These weights are referred to as coordinates and especially to as Green coordinates.

Appendix 0 and especially the section titled “Green coordinates” and equation (4) illustrate a sample of such weighted sums. Appendix 0 and especially the sections titled “our approach” and “GC derivation” and the text that follow equation (9) illustrate sample properties of such coordinates (coordinate functions).

Conveniently, method 100 includes representing the graphical entity as a sum of a third weighted sum of first cage vertices values and a fourth weighted sum of first cage face orientation values; wherein first sum weights equal third sum weights and second sum weights equal fourth sum weights.

Appendix 0 and especially the section titled “Green coordinates” and equation (3) illustrate a sample of such weighted sums.

Conveniently, stage 120 of transforming provides a conformal transformation for a two dimensional graphical object and a quasi-conformal transformation for a three dimensional graphical object.
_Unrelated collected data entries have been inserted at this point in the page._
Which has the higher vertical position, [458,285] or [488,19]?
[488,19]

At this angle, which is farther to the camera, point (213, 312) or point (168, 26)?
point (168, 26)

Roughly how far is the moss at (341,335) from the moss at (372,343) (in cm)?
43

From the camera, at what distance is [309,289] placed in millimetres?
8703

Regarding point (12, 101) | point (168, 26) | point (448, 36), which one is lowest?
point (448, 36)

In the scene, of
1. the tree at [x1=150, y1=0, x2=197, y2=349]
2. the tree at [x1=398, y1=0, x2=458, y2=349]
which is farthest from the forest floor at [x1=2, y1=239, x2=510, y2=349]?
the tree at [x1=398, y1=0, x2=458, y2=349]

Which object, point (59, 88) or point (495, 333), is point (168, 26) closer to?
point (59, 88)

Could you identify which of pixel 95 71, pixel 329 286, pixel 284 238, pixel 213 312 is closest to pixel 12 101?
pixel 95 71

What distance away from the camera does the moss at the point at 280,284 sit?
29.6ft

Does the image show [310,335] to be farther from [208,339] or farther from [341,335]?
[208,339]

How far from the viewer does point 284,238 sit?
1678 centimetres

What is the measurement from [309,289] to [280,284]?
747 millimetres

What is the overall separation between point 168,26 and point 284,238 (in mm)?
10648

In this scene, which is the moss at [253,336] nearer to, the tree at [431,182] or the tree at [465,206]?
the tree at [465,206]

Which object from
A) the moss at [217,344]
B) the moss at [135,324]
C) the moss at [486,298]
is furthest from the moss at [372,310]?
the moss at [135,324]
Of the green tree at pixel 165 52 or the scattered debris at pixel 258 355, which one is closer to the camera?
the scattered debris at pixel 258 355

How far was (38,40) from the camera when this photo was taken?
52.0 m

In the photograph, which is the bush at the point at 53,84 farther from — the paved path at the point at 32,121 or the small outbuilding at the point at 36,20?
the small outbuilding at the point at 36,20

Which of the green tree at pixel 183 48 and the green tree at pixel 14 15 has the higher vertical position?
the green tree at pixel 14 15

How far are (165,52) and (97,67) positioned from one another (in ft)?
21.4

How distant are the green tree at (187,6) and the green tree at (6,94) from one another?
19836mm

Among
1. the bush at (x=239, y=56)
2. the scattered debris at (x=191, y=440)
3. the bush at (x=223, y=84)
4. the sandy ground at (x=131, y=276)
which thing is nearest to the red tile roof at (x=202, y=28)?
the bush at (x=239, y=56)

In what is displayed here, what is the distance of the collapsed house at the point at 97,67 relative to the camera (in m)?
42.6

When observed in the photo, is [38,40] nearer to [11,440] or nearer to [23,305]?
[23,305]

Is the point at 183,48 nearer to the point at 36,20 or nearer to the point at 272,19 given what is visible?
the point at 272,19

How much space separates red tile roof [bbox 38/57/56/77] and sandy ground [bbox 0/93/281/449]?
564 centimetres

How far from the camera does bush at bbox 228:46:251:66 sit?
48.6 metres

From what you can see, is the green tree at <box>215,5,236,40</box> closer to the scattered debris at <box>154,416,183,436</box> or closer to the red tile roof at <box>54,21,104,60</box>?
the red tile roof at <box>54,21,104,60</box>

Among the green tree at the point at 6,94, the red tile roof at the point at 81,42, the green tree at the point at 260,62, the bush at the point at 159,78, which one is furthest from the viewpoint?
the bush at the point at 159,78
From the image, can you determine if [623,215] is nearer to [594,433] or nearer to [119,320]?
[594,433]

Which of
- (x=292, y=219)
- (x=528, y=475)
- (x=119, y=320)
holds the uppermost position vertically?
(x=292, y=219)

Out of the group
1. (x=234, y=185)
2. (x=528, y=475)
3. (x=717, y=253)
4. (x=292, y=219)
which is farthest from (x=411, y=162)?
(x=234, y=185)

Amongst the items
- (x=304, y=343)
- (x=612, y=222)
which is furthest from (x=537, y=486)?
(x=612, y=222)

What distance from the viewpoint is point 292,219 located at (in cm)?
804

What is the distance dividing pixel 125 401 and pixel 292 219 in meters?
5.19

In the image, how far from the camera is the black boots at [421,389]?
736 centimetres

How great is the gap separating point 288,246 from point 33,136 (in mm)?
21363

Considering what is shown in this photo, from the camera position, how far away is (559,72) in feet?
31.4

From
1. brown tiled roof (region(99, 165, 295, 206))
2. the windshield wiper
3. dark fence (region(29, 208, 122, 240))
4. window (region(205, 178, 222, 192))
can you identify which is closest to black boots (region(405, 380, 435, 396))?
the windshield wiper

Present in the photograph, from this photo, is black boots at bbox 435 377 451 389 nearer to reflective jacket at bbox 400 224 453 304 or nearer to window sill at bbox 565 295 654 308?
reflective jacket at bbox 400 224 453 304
It is noted that a closed-form formula can be provide by various multi-dimensional graphic entities. Appendix 0 and especially the section titled “closed-form formulas for d=2,3” illustrate a sample of such closed-form formulas. Appendix A (of appendix 0) provides pseudo-code for implementing these closed-form formulas.

Conveniently, stage 120 of transforming comprises extending the transformed graphic entity to an exterior of the second cage. Appendix 0 and 10 especially the section titled “extending to the exterior” illustrate a sample of such extension.
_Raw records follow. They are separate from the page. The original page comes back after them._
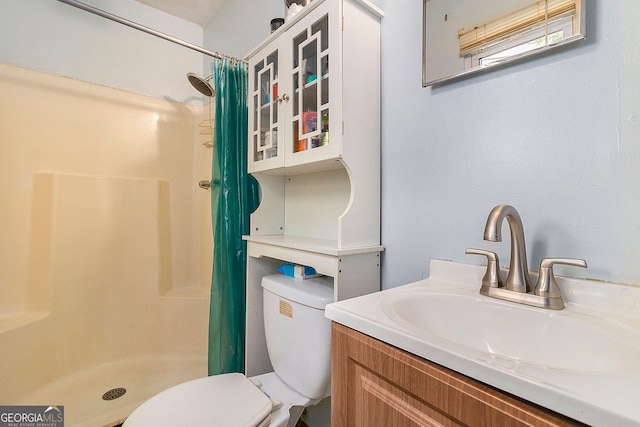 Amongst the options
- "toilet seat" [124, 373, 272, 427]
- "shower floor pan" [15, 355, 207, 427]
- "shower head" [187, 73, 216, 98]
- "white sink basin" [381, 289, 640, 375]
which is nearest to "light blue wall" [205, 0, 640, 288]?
"white sink basin" [381, 289, 640, 375]

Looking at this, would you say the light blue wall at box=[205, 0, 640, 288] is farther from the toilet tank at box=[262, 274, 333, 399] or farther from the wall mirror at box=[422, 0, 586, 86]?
the toilet tank at box=[262, 274, 333, 399]

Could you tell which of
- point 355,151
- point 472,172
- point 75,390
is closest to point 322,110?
point 355,151

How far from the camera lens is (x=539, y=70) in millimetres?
699

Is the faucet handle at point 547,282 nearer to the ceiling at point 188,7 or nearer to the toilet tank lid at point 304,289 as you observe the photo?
the toilet tank lid at point 304,289

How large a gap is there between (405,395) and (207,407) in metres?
0.68

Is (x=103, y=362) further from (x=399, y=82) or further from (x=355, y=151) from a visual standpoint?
(x=399, y=82)

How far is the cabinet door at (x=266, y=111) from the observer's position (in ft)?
3.73

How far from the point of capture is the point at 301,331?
96cm

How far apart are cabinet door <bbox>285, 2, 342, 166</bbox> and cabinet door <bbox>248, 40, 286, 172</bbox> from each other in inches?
3.0

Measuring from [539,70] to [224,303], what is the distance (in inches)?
53.5

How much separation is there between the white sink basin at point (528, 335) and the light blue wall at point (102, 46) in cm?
209

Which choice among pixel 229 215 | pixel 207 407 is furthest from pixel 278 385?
pixel 229 215

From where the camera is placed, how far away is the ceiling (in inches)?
76.3

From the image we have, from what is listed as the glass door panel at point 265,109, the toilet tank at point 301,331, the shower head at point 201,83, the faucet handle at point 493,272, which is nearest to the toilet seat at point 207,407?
the toilet tank at point 301,331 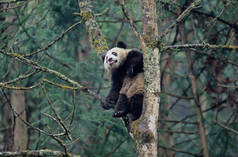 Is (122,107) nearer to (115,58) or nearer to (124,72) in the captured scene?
(124,72)

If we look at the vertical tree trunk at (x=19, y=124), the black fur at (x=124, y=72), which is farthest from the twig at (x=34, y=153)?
the vertical tree trunk at (x=19, y=124)

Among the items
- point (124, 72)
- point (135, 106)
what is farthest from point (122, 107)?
point (124, 72)

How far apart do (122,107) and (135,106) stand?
249mm

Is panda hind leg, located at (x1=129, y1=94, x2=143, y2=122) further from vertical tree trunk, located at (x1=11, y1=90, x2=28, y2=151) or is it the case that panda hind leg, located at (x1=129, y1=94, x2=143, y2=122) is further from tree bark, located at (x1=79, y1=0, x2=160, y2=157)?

According to an embodiment of the invention the first cage is a partial cage that surrounds a graphic entity that is a part of a larger graphic entity; wherein the larger graphic entity is not at least partially surrounded by the first cage.

According to an embodiment of the invention the second cage is a partial cage that surrounds a transformed graphic entity that is a part of a larger transformed graphic entity; wherein the larger transformed graphic entity is not surrounded by the second cage. Appendix 0 and especially the section titled “extending to the exterior” illustrate a sample of such cages. A cage that does not surrounds (but rather partially surrounds) a graphical entity (or a transformed graphical entity) is referred to as a partial cage.

Stage 120 can include calculating transformation functions (φand ψ) for reach point of the graphic entity. This is illustrated in Appendix A.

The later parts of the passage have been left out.